Experts from the U.S. Geological Survey (USGS) visited scientific and academic centers in the province of Santiago de Cuba on Wednesday (June 11) and exchanged information with their Cuban counterparts, Cuban radio reported.

The American visitors, who will be in Santiago until Friday, toured Oriente University and the National Center for Seismological Research (CENAIS), where they met with its director, Bladimir Moreno Toirán.

Coincidentally, a 3.2-magnitude tremor shook the area as the Americans arrived for their meeting with Moreno. It was located at the coastal city of La Plata in Granma province. There were no reports of injuries or material damage.

CENAIS Director Bladimir Moreno Toirán

The CENAIS, an agency of the Ministry of Science, Technology and Environment, monitors seismic activity on the island. Founded in 1992, it maintains eight quake-detecting stations, from Soroa in the west to Manicaragua in the center to Maisí in the east.

Six of them are in the Oriente region, in the cities of Cascorro, Holguín, Moa, Las Mercedes, Río Carpintero and Maisí.

The USGS has more than 150 stations worldwide, nine of them in the Caribbean. It provides information to the public via the Internet, e-mail and the social networks.
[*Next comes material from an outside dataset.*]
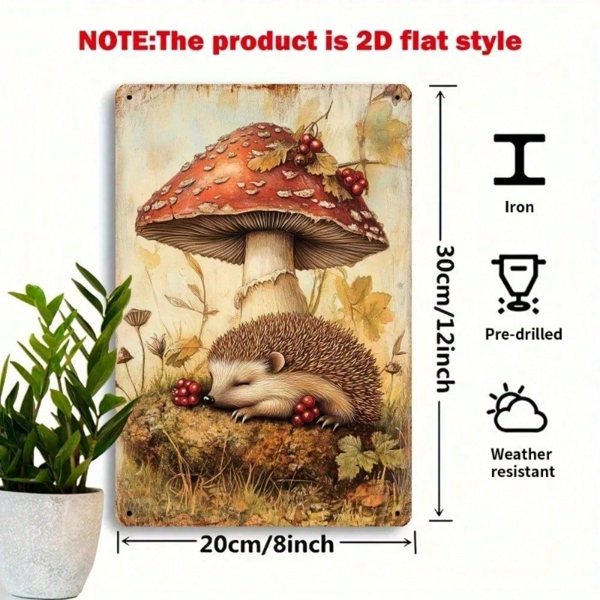 CIFbuy 复古铁质金属锡制墙饰 20x30厘米 动物蘑菇图案 墙面装饰 适用于花园、庭院、客厅、卧室（TikTok, temu 自提物流）-6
The Americans also toured Cuba’s National Seismological Service. On Thursday, they were to visit the Baconao Park on the southeastern end of Cuba, where most earthquakes are felt.

About 70 percent of the seismic activity in Cuba emanates from the Oriente fault line, which marks the tectonic boundary between the North American Plate and the Caribbean Plate.
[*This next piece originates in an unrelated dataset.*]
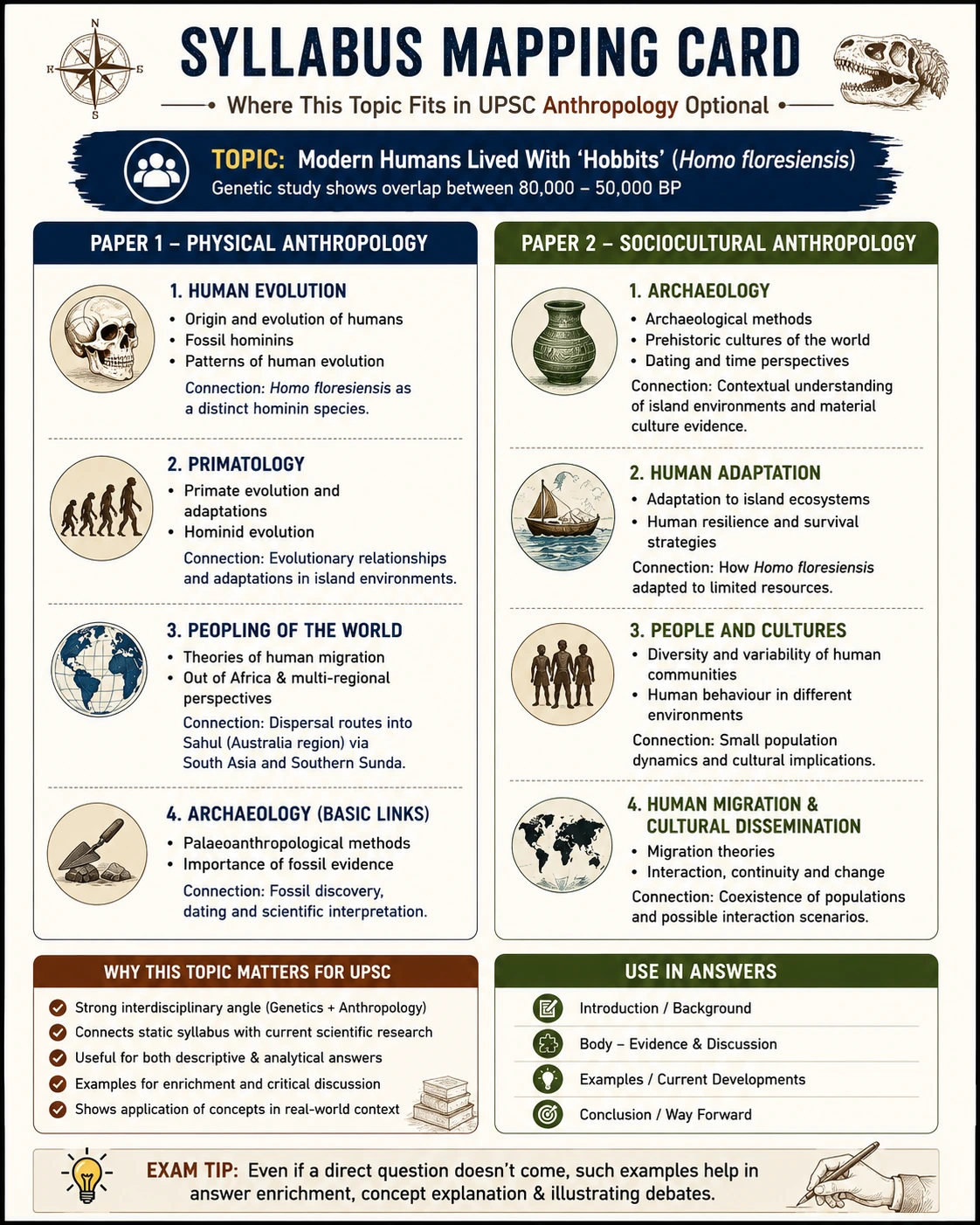 Detailed syllabus mapping card showing how Homo floresiensis and human migration topics connect to specific Paper 1 and Paper 2 sections of the UPSC Anthropology Optional syllabus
So far this year, two medium-intensity earthquakes have been recorded in Cuba. The first was a 5.0-magnitude quake on Jan. 9. It struck in the Straits of Florida, about 107 miles northeast of Havana, and was felt as far north as Orlando, Fla.

The second was a 4.7-magnitude tremor on March 9, about 30 miles northeast of Cárdenas, Matanzas province, that was felt in the Lower Florida Keys. Seismologists in the U.S. said that it was an aftershock of the January quake.